### SUPPLIED RECORDS
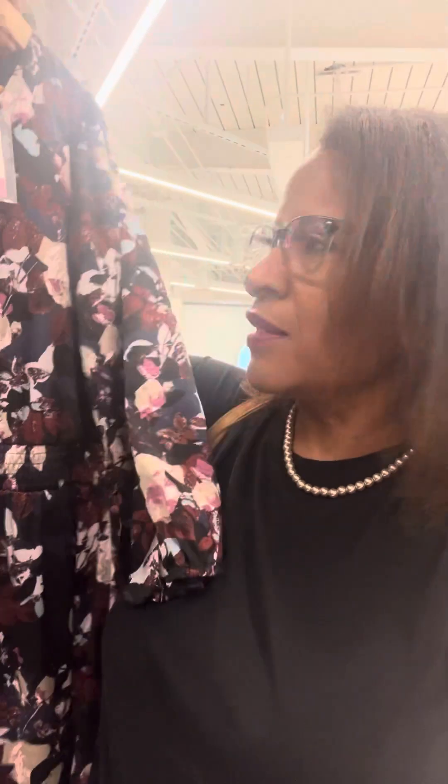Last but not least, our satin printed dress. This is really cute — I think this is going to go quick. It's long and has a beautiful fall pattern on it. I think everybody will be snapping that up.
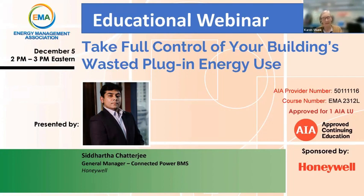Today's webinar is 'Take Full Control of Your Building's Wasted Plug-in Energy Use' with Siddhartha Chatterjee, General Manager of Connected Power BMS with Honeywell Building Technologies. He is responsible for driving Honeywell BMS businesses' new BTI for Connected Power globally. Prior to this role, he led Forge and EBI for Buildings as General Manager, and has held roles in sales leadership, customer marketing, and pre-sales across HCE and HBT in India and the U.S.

---

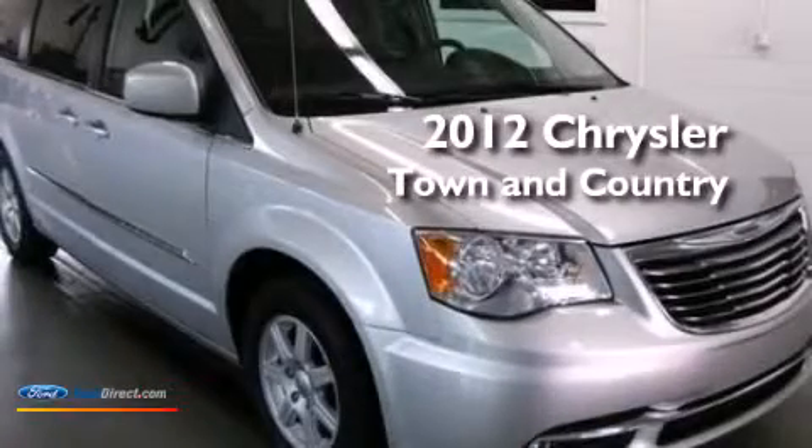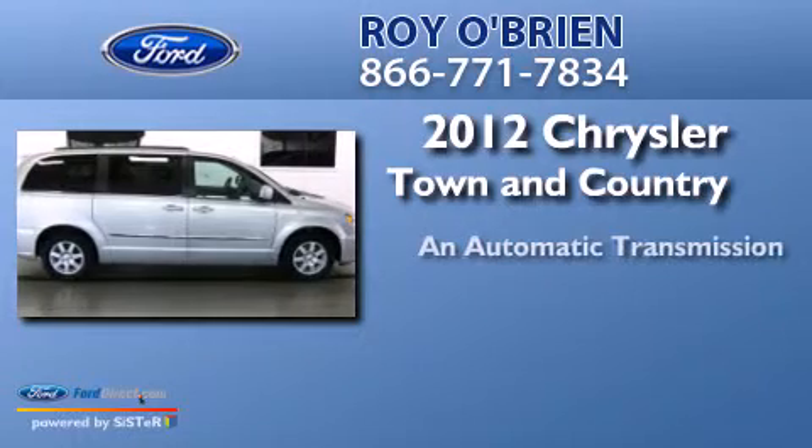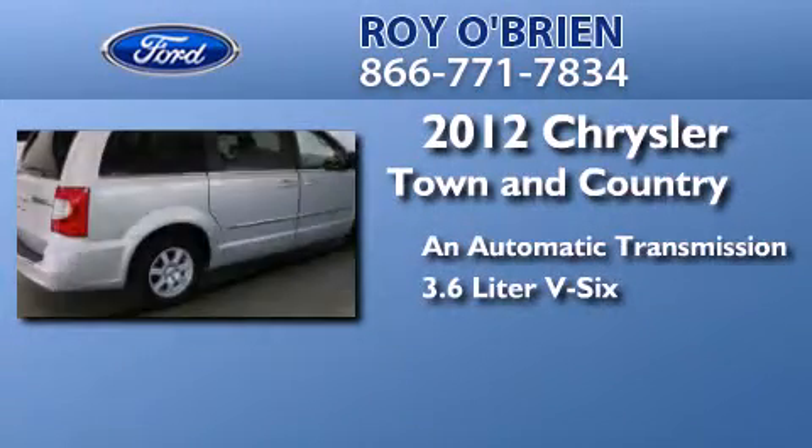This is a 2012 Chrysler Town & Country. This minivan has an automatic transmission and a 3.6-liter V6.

### REQUIREMENT
Find where the line with "Last but not" sits in the material above and where the line with "Today's webinar is" sits. Set down exactly the lines from the first to the second, both included and nothing else, without pictures.

### OUTPUT
Last but not least, our satin printed dress. This is really cute — I think this is going to go quick. It's long and has a beautiful fall pattern on it. I think everybody will be snapping that up.
Today's webinar is 'Take Full Control of Your Building's Wasted Plug-in Energy Use' with Siddhartha Chatterjee, General Manager of Connected Power BMS with Honeywell Building Technologies. He is responsible for driving Honeywell BMS businesses' new BTI for Connected Power globally. Prior to this role, he led Forge and EBI for Buildings as General Manager, and has held roles in sales leadership, customer marketing, and pre-sales across HCE and HBT in India and the U.S.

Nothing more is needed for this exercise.